Amélioration de la base de données des points de contact
À la suite de la 106e session du Comité juridique, en 2019, le Secrétariat a mis au point une nouvelle fonction dans le module "Points de contact" du GISIS, qui serait une base de données complète des registres des navires, où les informations pour tous les pavillons pourraient être disponibles en un seul endroit. Le comité a également convenu que l'OMI devrait collaborer avec le Conseil de sécurité des Nations unies pour établir une base de données facilement consultable, par numéro OMI et par nom de navire, des navires faisant actuellement l'objet de résolutions du Conseil de sécurité des Nations unies ou désignés en vertu de ces résolutions.
L'OMI a également pris des mesures pour examiner minutieusement l'authenticité des demandes d'accès aux comptes web de l'OMI.
Résolution - Mesures visant à prévenir l'immatriculation frauduleuse et les registres frauduleux de navires
Afin d'établir des procédures encore plus solides pour la communication d'informations à l'OMI, l'Assemblée a adopté une résolution sur les mesures visant à empêcher l'immatriculation frauduleuse et les registres frauduleux de navires(A.1142(31)).
La résolution de l'Assemblée comprend une procédure de communication à l'OMI d'informations sur les registres des navires, y compris des informations sur le nom de l'organisme gouvernemental national et des entités autorisées ou déléguées chargées de l'immatriculation des navires. L'objectif est de permettre au secrétariat de l'OMI de vérifier les informations par les voies appropriées.
Meilleures pratiques recommandées
Le Comité a également approuvé une circulaire LEG sur les meilleures pratiques recommandées pour aider à lutter contre l'enregistrement frauduleux et les registres frauduleux(LEG.1/Circ.10).
Remarques :
- Selon le Tribunal international du droit de la mer (TIDM) dans l'affaire de 1999, M/V Saiga (No. 2).

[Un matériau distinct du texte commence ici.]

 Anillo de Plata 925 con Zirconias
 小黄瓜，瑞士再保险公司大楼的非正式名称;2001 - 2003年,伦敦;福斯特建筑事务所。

- (1987) 26 ILM 1229. https://treaties.un.org/Pages/ViewDetails.aspx?src=TREATY&mtdsg_no=XII-7&chapter=12&clang=_en
- La convention exige 40 signataires dont le tonnage combiné dépasse 25 % du total mondial. En mars 2020, quinze États avaient ratifié la Convention ou y avaient adhéré (Albanie, Bulgarie, Côte d'Ivoire, Égypte, Géorgie, Ghana, Haïti, Hongrie, Irak, Liberia, Libye, Mexique, Maroc, Oman et Syrie) et la Convention avait été signée, sous réserve de ratification, d'acceptation ou d'approbation, par neuf autres États (Algérie, Bolivie, Cameroun, République tchèque, Indonésie, Pologne, Fédération de Russie, Sénégal et Slovaquie).
- Voir Nigel P Ready, Nationalité, immatriculation et propriété des navires dans le Manuel de l'IMLI sur le droit maritime international : Volume II : Droit maritime.
- A.1078(28), Système de numéro d'identification des navires de l'OMI.
- MSC.160(78), Adoption du système de numéro unique d'identification de la compagnie et du propriétaire enregistré de l'OMI.
- A.923(22), Mesures visant à empêcher l'immatriculation de navires "fantômes".
- Voir MSC/Circ.1140-MEPC/Circ.424.
- Le rapport de la réunion a été transmis au Secrétaire général des Nations Unies conformément aux résolutions 59/24 et 59/25 de l'Assemblée générale des Nations Unies, puis soumis à l'Assemblée générale à sa 61ème session (A/61/160).
- Documents LEG 106/7 et LEG 106/7/Add.1 et lettres circulaires n° 3717, 3798, 3840 et 3855.
- Dans ce cas, un "faux drapeau" pour le navire en question est affiché dans le module sur les données du navire et de la compagnie dans GISIS. Ce statut changera lorsque le navire sera enregistré sous un nouveau pavillon.